Doing A Hundred Things In Traverse City Before You Die
By Ross Boissoneau | March 7, 2018
Veteran travel writer Kim Schneider has visited and written about places across the globe, but when the opportunity arose to tout the virtues of Traverse City, she jumped at the chance. In the new 100 Things To Do in Traverse City Before You Die, Schneider lauds the woods and waters of the region, its brewpubs, wineries, shops and restaurants – in short, the things that make it appealing to residents and visitors alike.
Schneider says she was approached by a representative for Reedy Press, which publishes a series of books about cities across the country: “100 things to do before you die” in Tucson, Newark, Savannah, Charleston – and now, Traverse City. “It’s the smallest city they’ve done,” Schneider says. But that didn’t mean it was easy. “It was surprisingly hard to narrow it down.”
She knew she’d end up leaving out some peoples’ favorites. “The scariest thing is I’m already hearing from friends asking ‘Is this winery in there, this brewpub,’ etc. I think if seven different people wrote this, you’d get 700 different things.”

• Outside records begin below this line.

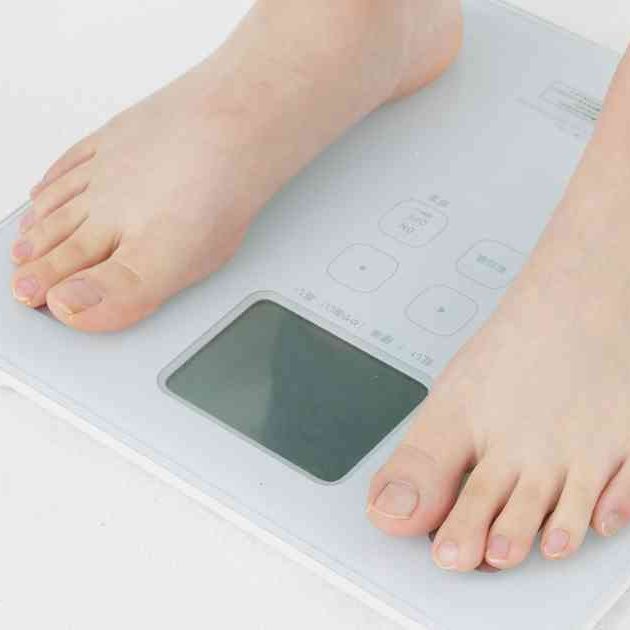 person in bare feet standing on scales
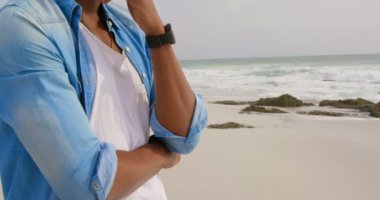 Sahilde çenesi üzerinde el ile duran Afrikalı Amerikalı adamın yan görünümü. O 4k uzağa bakıyor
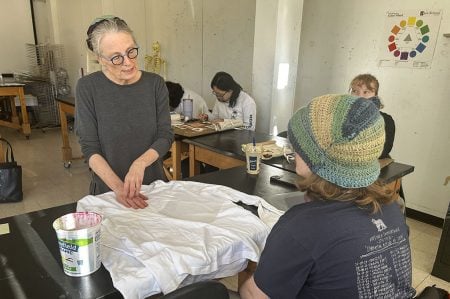 Anne Beffel talks with student Evan Meyer in an art classroom. A plain white t-shirt sits on the table between them.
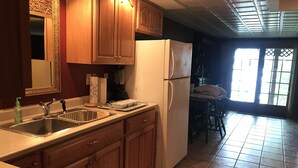 A kitchen with wooden cabinets, a white refrigerator, a sink, and a window with a view of the outdoors. - Luxury Lakefront Living in Lake Sebago Area (Bridgton)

Schneider says she tried to balance personal favorites and well-known entries and places. “I had to pick really iconic (items) and some which represented others, or things that have stood the test of time. For sure, you have to have Sleder’s, Michigan’s oldest restaurant,” she says. Besides kissing the moose at Sleder’s, the book mentions hunting for Petoskey stones and sampling Pleva’s cherry pecan sausage as “iconic” items.
For examples encompassing similar activities, she offered “Shopping on Front Street” or “Shopping at Grand Traverse Commons,” and then provided examples of what someone would find there. “Maybe it’s cheating a little bit, but that’s how people shop,” she reasons.
Then there’s the in-between category, showcasing things old and new together. “Like playing euchre at The Parlor. You have the iconic old-time Midwestern game with high-end cocktails,” she says.
And while it’s Traverse City in the title, Schneider felt obligated to include things in the five-county area, and even a couple from further afield. So it showcases items related to Hemingway in Petoskey or Charlevoix, and things to do in Leelanau or Benzie County.
Schneider began it with five giant post boards, one for each category -- food and drink, sports and recreation, culture and history, music and entertainment, and shopping and fashion.
Then she and friends wrote ideas on sticky notes and stuck them on the appropriate board. She also turned to social media to get ideas. Eventually, she began whittling down the list to something manageable. Then it was just a question of researching and writing.
And though the Suttons Bay resident is a “local,” she was able to put herself in the shoes of a visitor. “My kids tell me I’m the biggest tourist,” she says.
“I’ve been writing about the area for 17 years for a variety of publications. I’ve stayed at various places, gone on tall ship sails, a lot of things you don’t do if you’re already local,” she says.
One of her favorites involved a stay in Benzie County, which then led to more Benzie adventures. “If you stay two nights at a participating (lodging property), you get this Treasure Trove. You get coupons like a free donut at Crescent Bakery,” she says.
That doesn’t mean she experienced everything in the book. “I didn’t do the Bayshore Marathon, but I did the Kayak, Bike and Brew. I do things like stay at a winery B&B. I think people around here don’t think of doing them or think they’re out of reach.”
While she’s gotten her first shipment of books, they’re not yet on the shelves of local retailers. “It was scheduled for April 15 release, but came in early,” she says. She expects they’ll soon be available at bookstores and other outlets across the area.